_DATA TO USE_

>>>

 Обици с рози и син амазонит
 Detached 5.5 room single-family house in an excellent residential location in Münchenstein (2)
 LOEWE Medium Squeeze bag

<<<
>>>

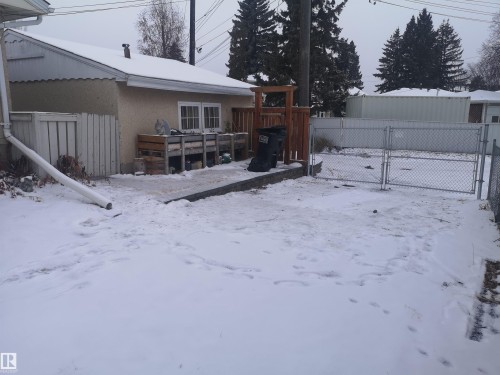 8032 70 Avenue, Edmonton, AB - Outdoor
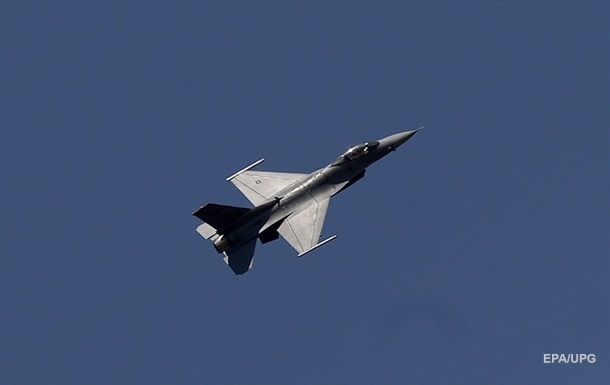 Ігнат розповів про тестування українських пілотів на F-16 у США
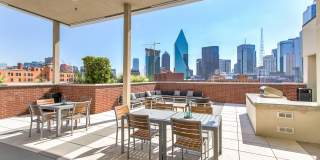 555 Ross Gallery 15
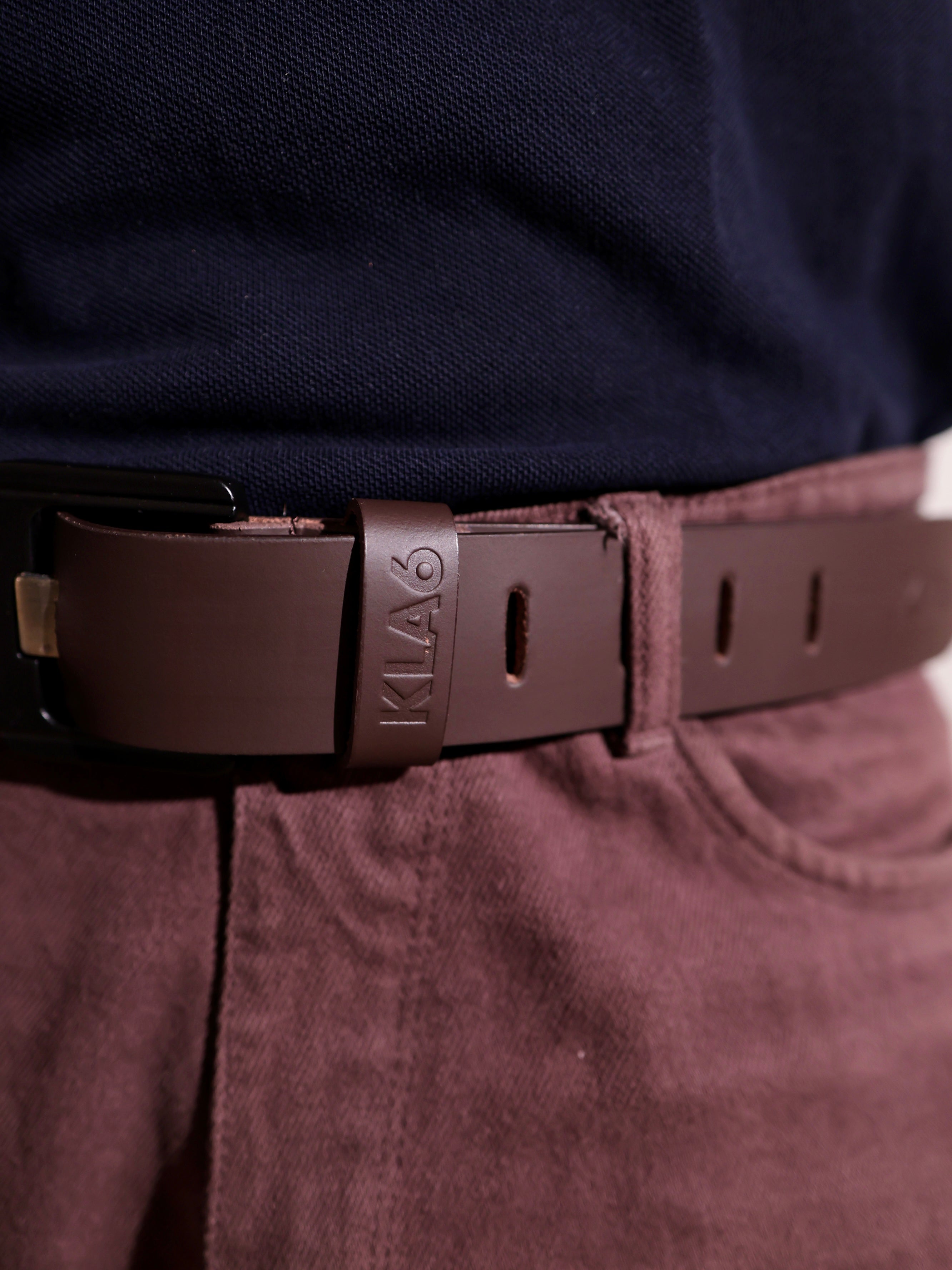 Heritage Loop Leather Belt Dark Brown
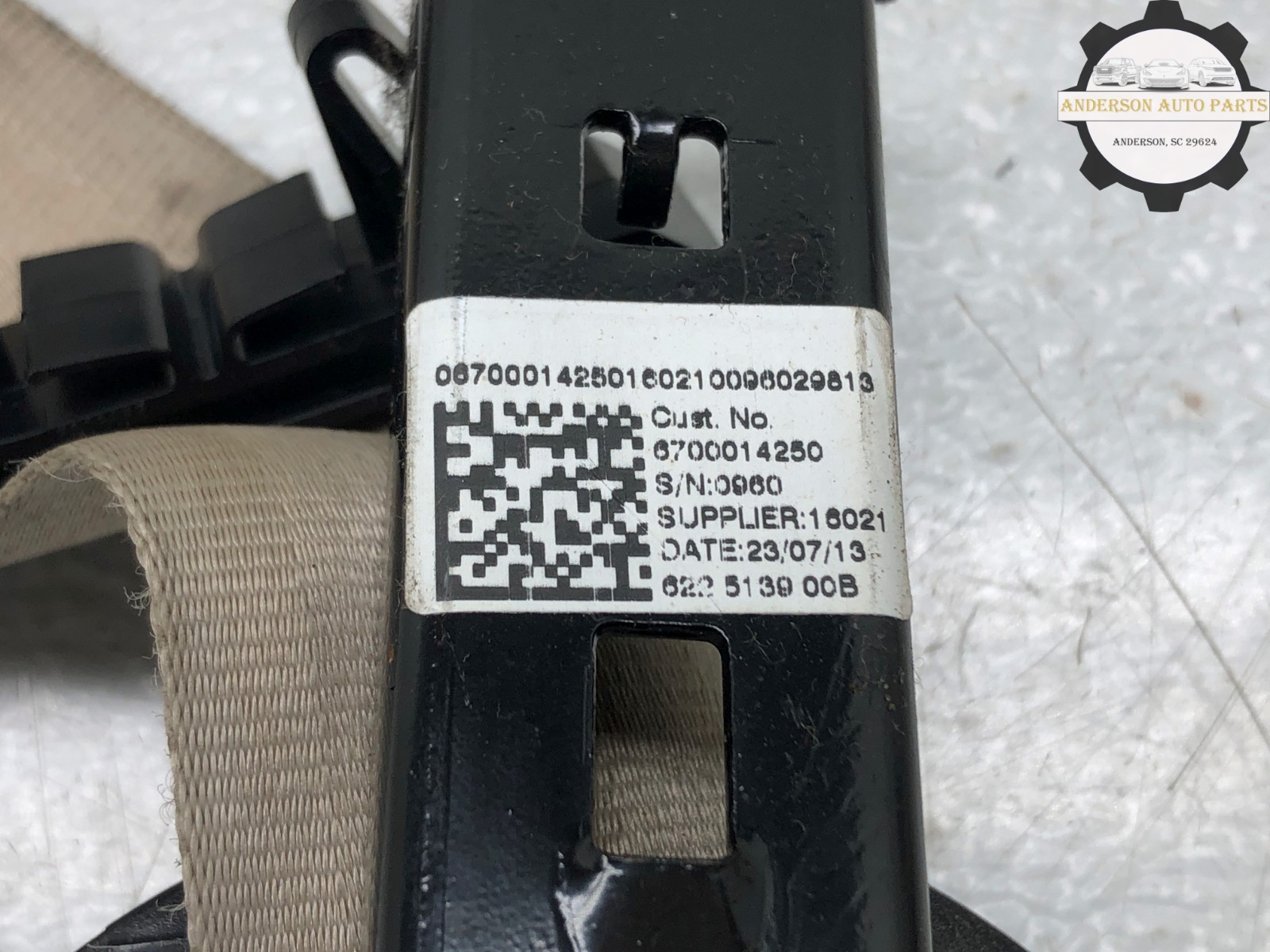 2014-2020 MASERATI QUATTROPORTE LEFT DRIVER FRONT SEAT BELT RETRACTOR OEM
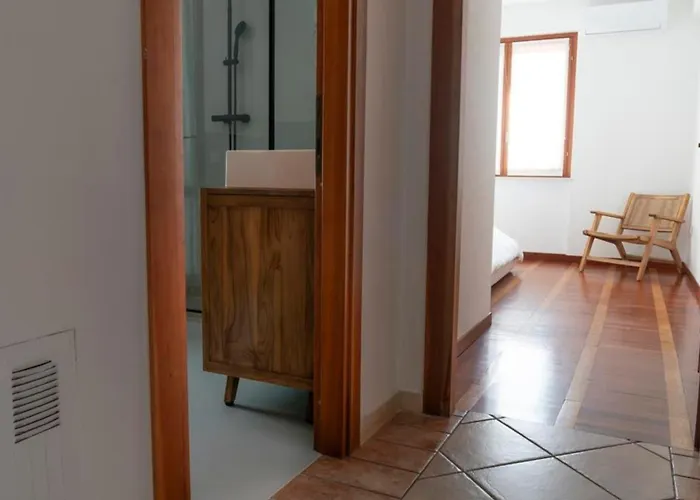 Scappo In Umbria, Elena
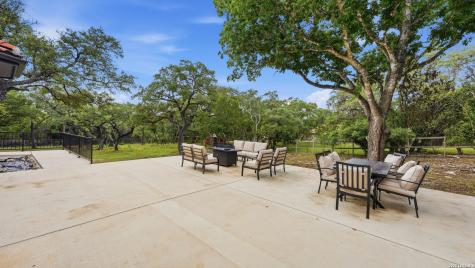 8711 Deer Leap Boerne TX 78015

<<<
>>>

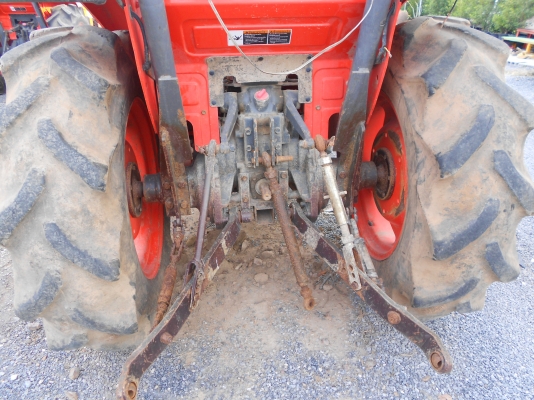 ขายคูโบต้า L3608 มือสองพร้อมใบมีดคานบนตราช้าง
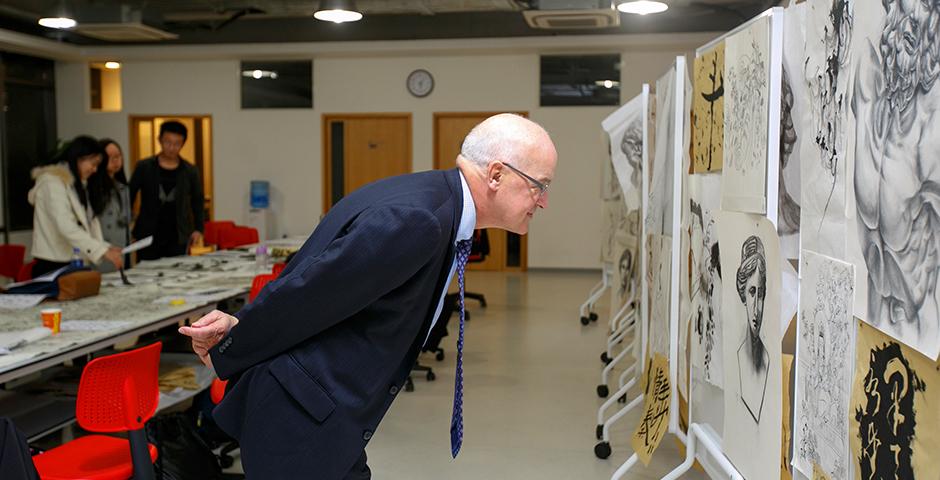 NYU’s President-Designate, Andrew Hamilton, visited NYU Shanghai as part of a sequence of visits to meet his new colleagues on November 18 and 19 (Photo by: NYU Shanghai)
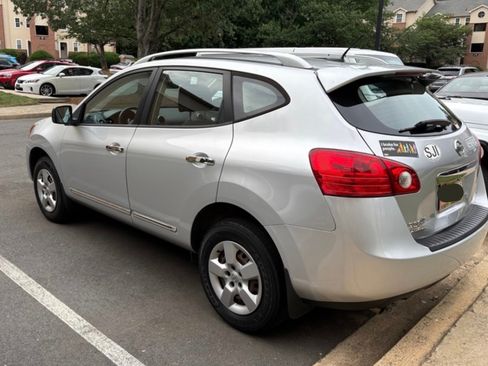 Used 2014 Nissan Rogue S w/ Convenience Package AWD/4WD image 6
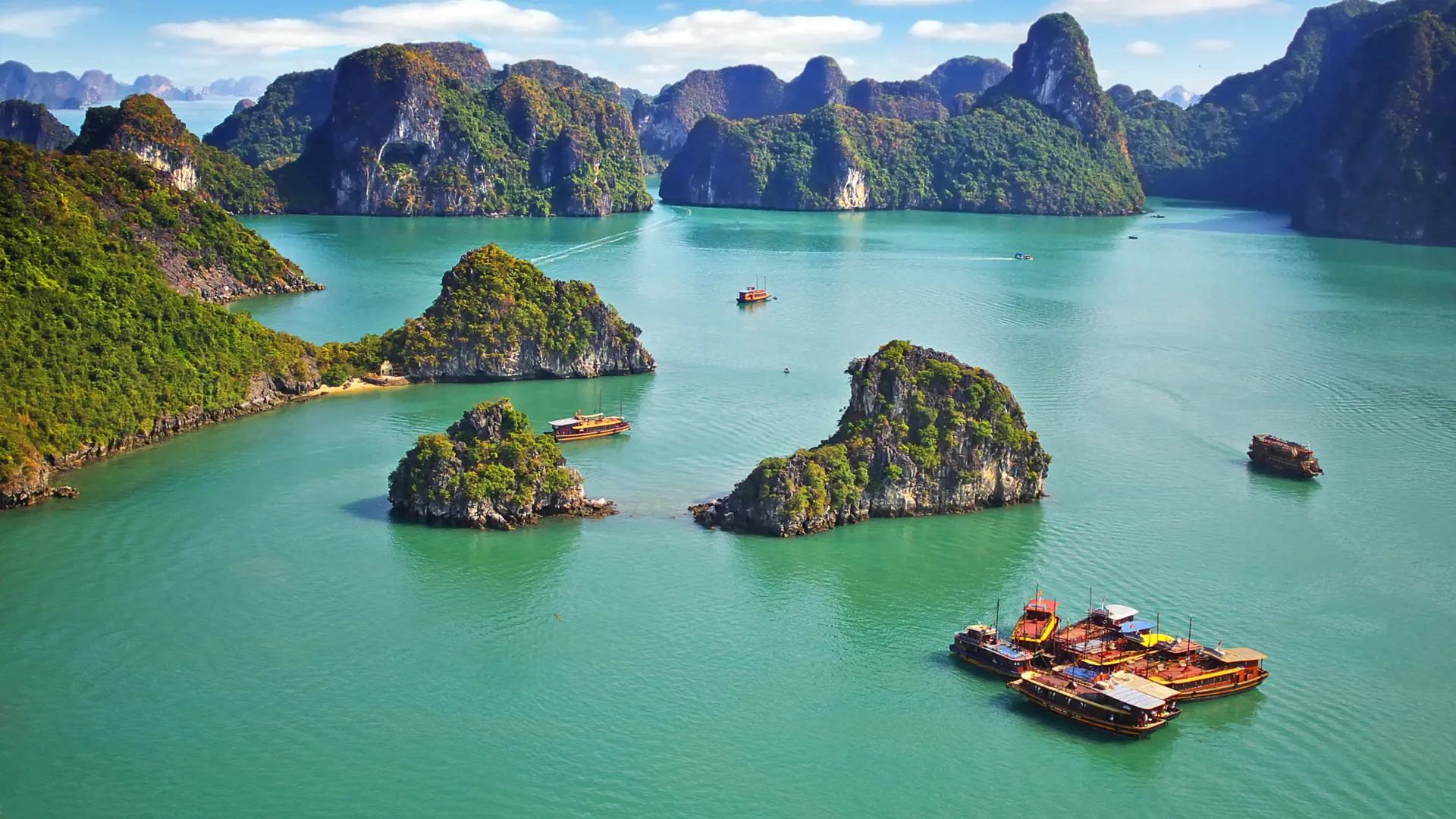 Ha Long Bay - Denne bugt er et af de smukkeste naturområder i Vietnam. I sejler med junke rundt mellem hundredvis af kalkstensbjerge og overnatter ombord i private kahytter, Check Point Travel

<<<

_WHAT THIS TASK INVOLVES_
Copy nothing but the lines above that run from the one with "Heritage Loop Leather Belt Dark Brown" to the one with "8711 Deer Leap Boerne TX 78015", ends included; pictures stay out.

_ANSWER BOX_
 Heritage Loop Leather Belt Dark Brown
 2014-2020 MASERATI QUATTROPORTE LEFT DRIVER FRONT SEAT BELT RETRACTOR OEM
 Scappo In Umbria, Elena
 8711 Deer Leap Boerne TX 78015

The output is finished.